BRIEF >> Retype exactly the lines below, beginning with the first and ending with the line where "Right now I" appears.

ENTRIES PROVIDED >>
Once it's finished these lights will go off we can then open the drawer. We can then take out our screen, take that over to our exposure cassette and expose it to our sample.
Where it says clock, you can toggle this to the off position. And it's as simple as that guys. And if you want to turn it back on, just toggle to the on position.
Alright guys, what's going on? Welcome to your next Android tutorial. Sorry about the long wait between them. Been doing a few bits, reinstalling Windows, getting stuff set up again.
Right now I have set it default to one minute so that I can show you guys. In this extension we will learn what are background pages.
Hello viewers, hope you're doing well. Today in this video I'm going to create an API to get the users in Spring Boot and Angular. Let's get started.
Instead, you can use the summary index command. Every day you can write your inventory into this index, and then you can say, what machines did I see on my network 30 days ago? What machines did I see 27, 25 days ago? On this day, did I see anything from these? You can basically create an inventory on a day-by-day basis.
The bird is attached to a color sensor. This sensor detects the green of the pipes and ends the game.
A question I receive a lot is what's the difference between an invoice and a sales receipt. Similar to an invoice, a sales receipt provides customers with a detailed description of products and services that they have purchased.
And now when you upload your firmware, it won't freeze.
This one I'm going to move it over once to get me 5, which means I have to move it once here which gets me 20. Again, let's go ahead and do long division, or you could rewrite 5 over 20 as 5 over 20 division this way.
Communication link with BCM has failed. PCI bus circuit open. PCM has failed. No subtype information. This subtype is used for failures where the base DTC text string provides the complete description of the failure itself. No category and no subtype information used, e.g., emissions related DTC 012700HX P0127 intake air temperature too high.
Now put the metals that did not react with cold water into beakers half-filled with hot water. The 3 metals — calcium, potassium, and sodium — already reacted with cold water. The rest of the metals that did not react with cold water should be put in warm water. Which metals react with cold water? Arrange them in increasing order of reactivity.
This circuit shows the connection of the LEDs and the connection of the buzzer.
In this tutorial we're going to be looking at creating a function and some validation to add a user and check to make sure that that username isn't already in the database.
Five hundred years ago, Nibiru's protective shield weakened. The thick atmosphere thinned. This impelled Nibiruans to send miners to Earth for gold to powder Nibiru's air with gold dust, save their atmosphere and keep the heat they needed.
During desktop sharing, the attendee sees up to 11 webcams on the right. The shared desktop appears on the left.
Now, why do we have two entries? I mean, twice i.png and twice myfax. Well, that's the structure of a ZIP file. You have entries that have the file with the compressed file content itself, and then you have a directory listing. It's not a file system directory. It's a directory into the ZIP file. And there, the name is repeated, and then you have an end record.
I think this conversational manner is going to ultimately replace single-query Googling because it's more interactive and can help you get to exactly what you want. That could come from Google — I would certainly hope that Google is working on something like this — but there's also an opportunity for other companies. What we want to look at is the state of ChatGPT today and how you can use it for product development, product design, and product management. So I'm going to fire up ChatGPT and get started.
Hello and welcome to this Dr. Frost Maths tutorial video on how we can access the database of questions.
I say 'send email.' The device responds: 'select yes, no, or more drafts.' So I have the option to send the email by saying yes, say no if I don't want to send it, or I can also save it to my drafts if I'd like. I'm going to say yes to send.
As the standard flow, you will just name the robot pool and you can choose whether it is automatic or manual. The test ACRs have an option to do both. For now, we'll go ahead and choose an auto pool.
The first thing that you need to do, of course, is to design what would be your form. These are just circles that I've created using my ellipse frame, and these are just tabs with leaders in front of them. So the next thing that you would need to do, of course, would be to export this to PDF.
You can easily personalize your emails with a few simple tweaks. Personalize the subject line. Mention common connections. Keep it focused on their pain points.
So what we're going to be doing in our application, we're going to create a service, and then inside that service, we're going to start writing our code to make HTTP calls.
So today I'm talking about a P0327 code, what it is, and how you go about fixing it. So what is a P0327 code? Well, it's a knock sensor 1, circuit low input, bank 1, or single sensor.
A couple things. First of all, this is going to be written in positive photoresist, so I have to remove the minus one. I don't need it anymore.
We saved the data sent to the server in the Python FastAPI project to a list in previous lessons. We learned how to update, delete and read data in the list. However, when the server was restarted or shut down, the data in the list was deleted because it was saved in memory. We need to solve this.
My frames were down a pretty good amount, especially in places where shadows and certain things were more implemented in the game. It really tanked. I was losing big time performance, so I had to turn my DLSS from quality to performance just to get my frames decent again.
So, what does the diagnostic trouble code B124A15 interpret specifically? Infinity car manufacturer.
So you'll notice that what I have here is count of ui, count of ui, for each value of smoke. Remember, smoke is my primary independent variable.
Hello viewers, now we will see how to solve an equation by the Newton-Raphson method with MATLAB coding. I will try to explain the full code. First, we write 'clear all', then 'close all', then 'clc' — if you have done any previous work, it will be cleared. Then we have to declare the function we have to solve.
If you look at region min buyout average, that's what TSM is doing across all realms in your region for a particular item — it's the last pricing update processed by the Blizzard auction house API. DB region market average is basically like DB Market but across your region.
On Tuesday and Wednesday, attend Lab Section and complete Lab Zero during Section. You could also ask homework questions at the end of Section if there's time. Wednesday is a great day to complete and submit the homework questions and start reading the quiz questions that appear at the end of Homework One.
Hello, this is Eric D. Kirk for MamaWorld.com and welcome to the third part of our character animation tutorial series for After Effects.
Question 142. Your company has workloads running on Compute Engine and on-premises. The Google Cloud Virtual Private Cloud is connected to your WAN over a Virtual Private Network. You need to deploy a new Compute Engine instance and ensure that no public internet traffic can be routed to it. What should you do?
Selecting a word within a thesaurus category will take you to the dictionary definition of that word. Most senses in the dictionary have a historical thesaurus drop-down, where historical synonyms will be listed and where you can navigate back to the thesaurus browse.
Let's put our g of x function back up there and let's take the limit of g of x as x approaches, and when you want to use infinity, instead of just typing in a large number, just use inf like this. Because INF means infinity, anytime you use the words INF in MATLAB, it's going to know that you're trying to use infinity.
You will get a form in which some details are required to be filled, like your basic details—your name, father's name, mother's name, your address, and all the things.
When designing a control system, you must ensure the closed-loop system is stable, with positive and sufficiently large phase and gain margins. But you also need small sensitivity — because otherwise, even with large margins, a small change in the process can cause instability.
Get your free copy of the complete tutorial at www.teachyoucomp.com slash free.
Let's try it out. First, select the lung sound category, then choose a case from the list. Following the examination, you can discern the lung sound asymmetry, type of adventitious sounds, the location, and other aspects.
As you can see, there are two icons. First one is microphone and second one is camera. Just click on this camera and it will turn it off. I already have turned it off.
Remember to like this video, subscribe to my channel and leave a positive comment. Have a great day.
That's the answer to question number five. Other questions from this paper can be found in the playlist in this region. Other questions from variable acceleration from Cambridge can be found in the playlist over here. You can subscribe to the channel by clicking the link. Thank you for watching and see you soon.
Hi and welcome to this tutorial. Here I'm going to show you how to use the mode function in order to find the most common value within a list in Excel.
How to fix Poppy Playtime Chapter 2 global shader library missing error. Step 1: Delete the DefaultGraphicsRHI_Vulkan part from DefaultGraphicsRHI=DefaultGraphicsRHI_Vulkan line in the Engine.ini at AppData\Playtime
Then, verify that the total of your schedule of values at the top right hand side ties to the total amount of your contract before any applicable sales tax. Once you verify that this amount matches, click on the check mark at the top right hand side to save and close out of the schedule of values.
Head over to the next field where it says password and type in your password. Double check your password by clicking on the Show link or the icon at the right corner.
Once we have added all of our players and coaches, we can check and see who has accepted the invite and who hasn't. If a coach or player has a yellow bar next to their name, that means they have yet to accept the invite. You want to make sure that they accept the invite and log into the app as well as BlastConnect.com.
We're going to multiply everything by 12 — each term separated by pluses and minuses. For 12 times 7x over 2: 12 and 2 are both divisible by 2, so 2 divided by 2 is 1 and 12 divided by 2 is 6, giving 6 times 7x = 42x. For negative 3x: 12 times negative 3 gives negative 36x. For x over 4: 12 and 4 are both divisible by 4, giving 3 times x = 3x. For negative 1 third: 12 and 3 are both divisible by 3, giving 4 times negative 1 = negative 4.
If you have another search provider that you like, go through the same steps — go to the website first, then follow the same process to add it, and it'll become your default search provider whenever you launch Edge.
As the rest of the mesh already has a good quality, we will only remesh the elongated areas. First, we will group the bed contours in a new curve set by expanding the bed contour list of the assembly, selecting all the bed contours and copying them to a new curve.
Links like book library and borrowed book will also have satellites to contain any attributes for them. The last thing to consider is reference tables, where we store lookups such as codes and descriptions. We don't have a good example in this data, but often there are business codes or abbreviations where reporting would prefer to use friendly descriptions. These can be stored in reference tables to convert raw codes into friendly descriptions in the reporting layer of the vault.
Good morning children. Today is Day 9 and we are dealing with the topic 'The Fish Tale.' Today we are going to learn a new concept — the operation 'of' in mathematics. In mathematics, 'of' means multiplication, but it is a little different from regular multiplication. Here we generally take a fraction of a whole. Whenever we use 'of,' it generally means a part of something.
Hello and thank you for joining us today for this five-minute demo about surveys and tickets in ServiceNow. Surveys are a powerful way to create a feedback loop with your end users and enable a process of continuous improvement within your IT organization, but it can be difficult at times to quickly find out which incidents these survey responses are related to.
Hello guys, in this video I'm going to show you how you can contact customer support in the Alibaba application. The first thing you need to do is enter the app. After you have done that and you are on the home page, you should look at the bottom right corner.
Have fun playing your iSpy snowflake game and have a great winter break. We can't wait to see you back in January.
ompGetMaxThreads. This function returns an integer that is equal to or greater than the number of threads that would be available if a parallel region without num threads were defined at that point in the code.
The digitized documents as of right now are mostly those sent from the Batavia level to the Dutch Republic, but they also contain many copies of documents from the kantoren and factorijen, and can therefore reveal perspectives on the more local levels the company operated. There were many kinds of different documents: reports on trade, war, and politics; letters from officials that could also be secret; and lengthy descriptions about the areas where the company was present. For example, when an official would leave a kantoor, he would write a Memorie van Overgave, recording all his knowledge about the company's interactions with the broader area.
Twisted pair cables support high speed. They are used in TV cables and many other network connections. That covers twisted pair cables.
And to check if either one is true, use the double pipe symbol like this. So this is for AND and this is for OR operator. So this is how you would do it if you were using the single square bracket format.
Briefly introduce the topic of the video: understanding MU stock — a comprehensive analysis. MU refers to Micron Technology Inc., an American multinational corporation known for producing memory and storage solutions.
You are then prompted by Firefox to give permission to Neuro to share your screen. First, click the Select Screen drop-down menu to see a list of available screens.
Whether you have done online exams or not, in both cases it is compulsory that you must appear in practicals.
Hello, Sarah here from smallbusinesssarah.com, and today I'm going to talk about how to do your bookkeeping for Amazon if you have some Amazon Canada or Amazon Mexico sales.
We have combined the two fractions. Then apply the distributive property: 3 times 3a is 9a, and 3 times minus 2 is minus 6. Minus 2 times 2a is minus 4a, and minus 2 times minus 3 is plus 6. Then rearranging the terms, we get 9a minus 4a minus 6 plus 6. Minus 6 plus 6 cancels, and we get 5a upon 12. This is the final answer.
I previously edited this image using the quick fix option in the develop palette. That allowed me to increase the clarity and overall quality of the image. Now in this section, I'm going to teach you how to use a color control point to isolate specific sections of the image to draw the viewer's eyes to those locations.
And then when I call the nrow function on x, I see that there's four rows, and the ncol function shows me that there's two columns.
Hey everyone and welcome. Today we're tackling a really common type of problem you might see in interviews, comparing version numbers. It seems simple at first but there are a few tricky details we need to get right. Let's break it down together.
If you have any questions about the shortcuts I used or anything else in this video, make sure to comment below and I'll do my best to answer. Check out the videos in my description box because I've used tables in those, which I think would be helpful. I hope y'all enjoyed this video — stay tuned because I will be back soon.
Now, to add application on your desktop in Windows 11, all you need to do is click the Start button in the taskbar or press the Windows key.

COMPLETED EXERCISE >>
Once it's finished these lights will go off we can then open the drawer. We can then take out our screen, take that over to our exposure cassette and expose it to our sample.
Where it says clock, you can toggle this to the off position. And it's as simple as that guys. And if you want to turn it back on, just toggle to the on position.
Alright guys, what's going on? Welcome to your next Android tutorial. Sorry about the long wait between them. Been doing a few bits, reinstalling Windows, getting stuff set up again.
Right now I have set it default to one minute so that I can show you guys. In this extension we will learn what are background pages.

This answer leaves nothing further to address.